Could you restate, exactly and with nothing added, the lines from the start of the data through the line that holds "タケオキクチ TAKEO KIKUCHI", leaving the pictures out?

╭──

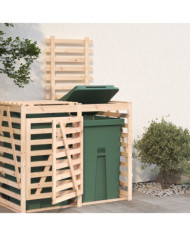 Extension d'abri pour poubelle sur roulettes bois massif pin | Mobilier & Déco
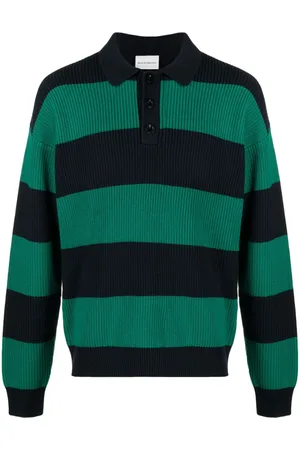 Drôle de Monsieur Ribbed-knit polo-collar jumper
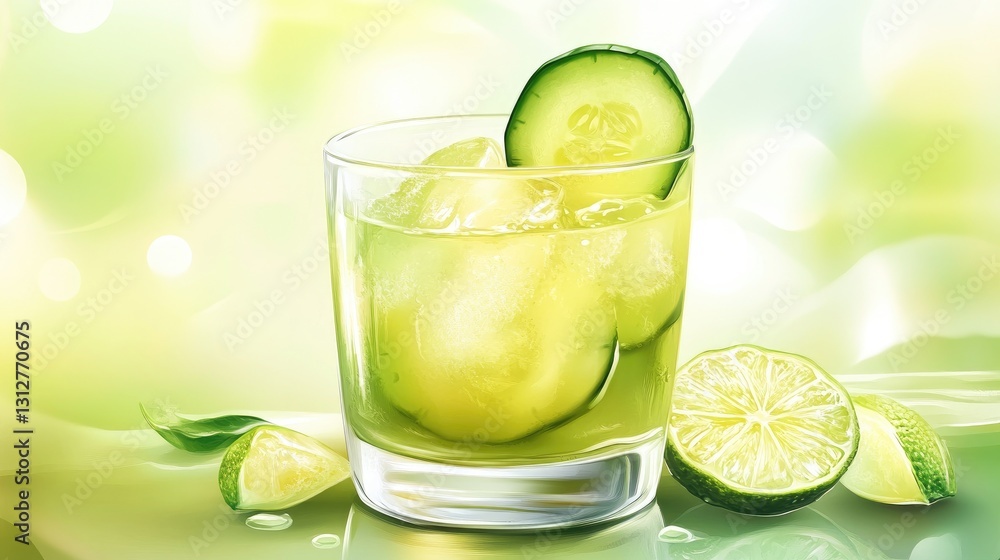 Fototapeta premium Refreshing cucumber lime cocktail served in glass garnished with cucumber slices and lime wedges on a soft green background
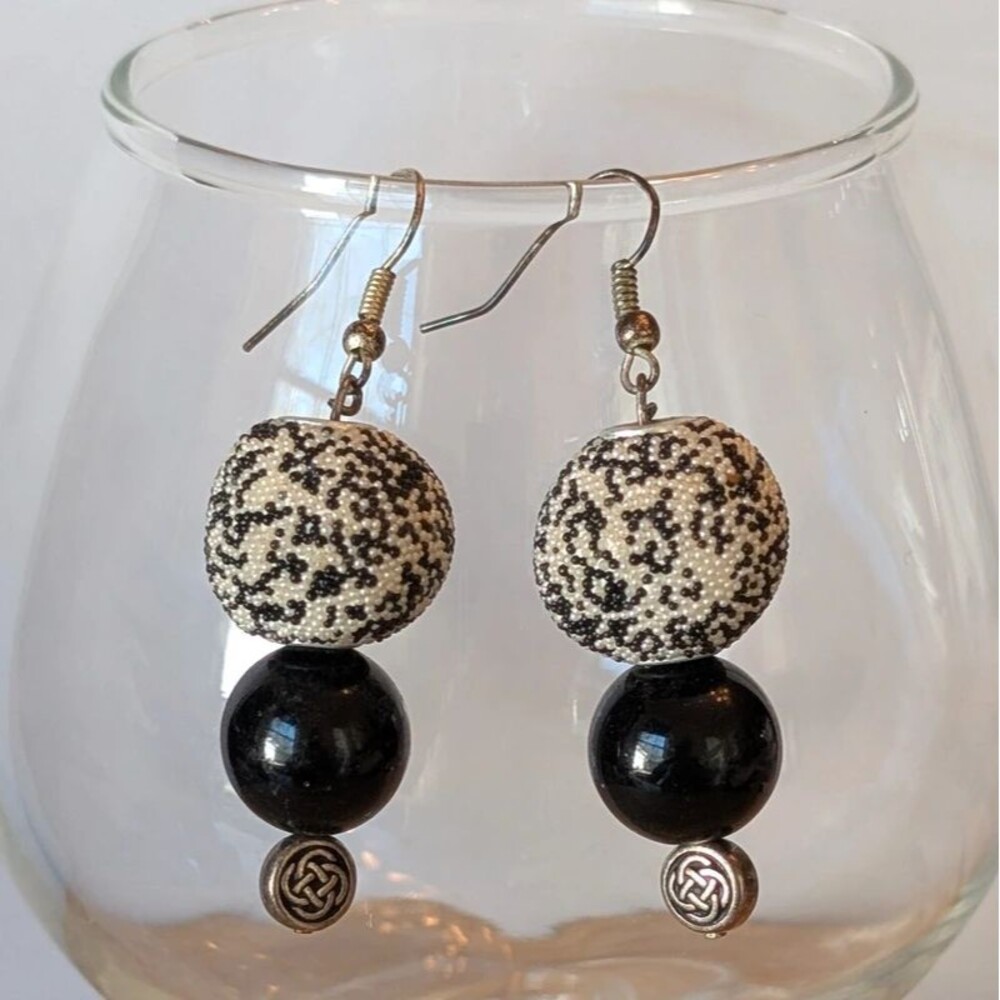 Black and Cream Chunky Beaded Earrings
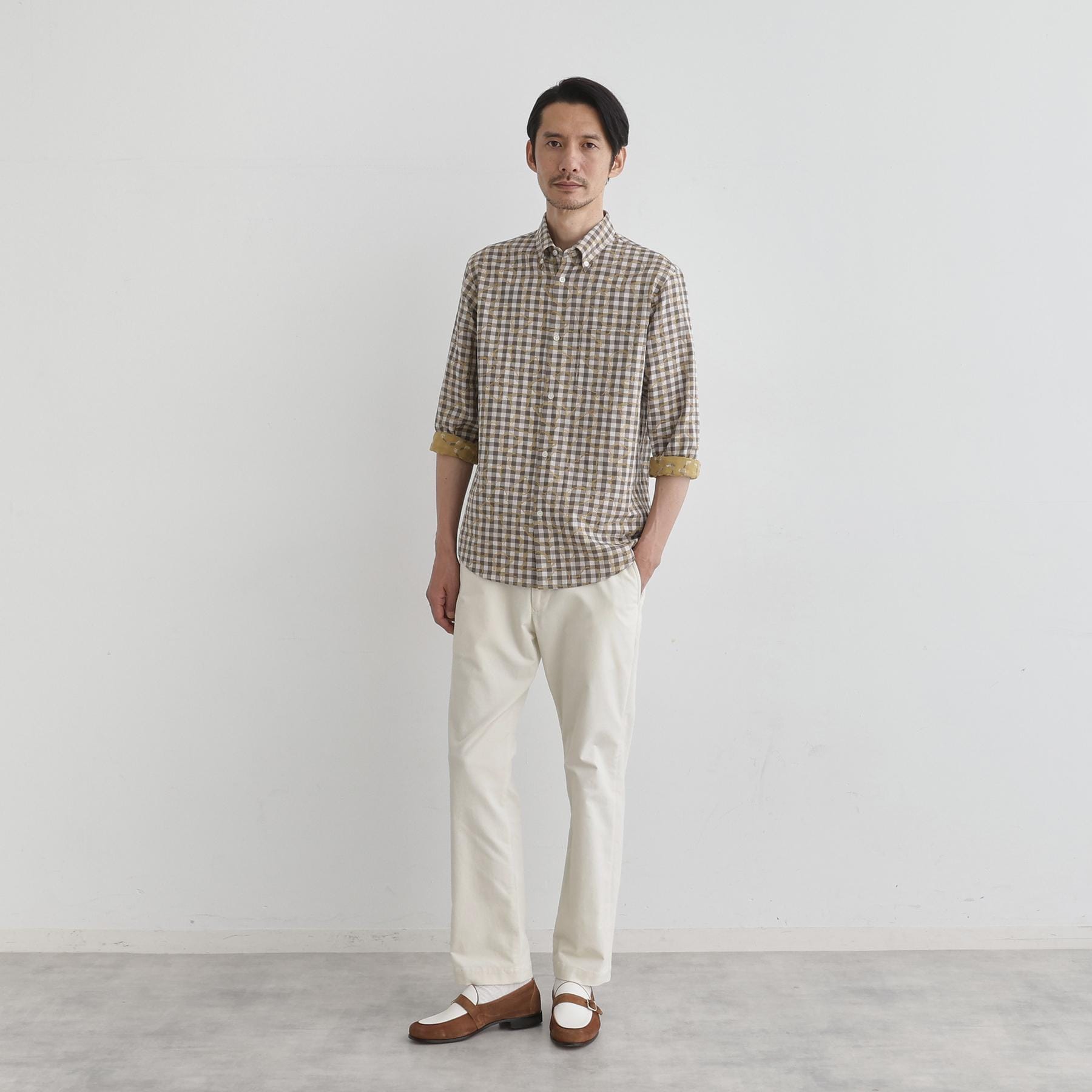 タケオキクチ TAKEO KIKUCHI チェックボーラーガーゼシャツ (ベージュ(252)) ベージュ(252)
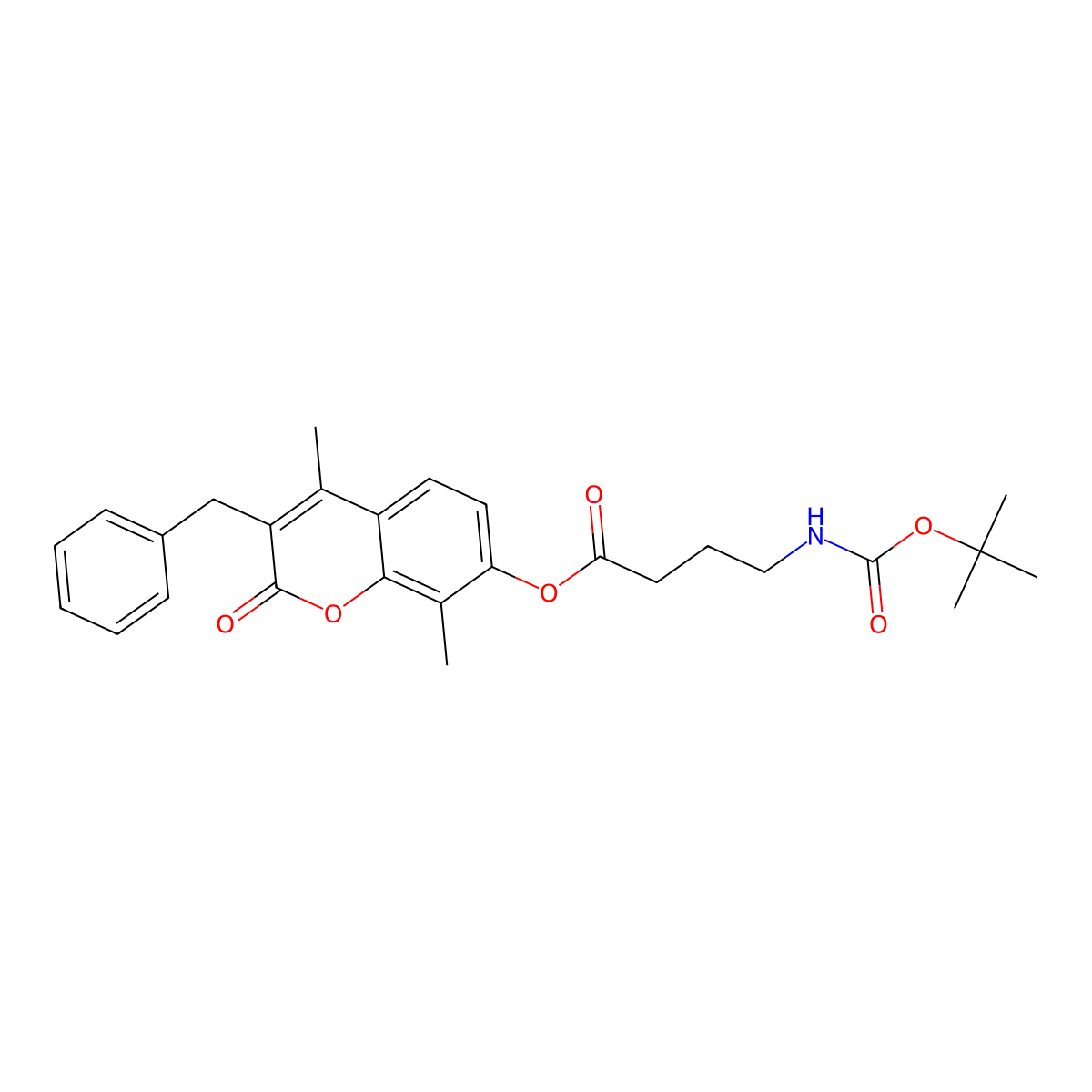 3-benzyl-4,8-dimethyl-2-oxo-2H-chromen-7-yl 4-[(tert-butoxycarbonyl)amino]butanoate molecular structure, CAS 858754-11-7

╰──

▶ **RESPONSE**
 Extension d'abri pour poubelle sur roulettes bois massif pin | Mobilier & Déco
 Drôle de Monsieur Ribbed-knit polo-collar jumper
 Fototapeta premium Refreshing cucumber lime cocktail served in glass garnished with cucumber slices and lime wedges on a soft green background
 Black and Cream Chunky Beaded Earrings
 タケオキクチ TAKEO KIKUCHI チェックボーラーガーゼシャツ (ベージュ(252)) ベージュ(252)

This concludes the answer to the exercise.